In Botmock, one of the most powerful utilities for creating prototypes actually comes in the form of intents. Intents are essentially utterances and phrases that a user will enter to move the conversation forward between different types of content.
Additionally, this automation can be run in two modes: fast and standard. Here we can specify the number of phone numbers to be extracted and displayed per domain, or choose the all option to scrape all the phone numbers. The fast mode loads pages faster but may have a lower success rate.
== == ==
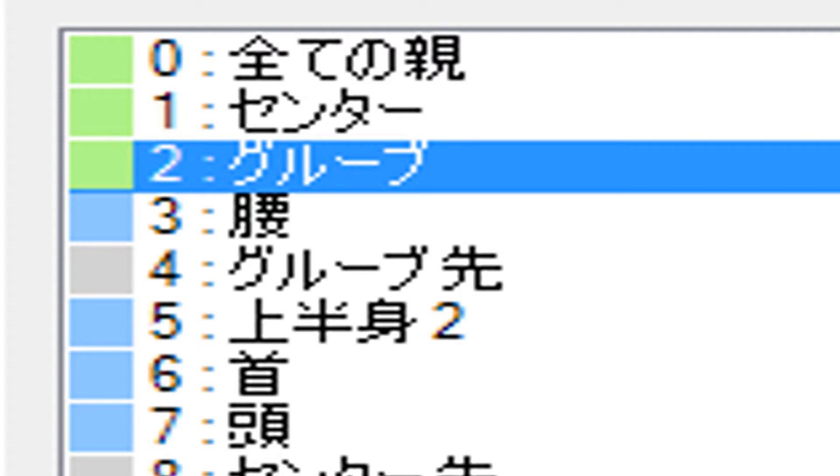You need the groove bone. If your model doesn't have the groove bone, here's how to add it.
== == ==
What the exercise asks: Write out exactly the lines above between the line with "In Botmock, one" and the line with "Additionally, this automation", inclusive, and nothing beyond them.

Solved exercise:
In Botmock, one of the most powerful utilities for creating prototypes actually comes in the form of intents. Intents are essentially utterances and phrases that a user will enter to move the conversation forward between different types of content.
Additionally, this automation can be run in two modes: fast and standard. Here we can specify the number of phone numbers to be extracted and displayed per domain, or choose the all option to scrape all the phone numbers. The fast mode loads pages faster but may have a lower success rate.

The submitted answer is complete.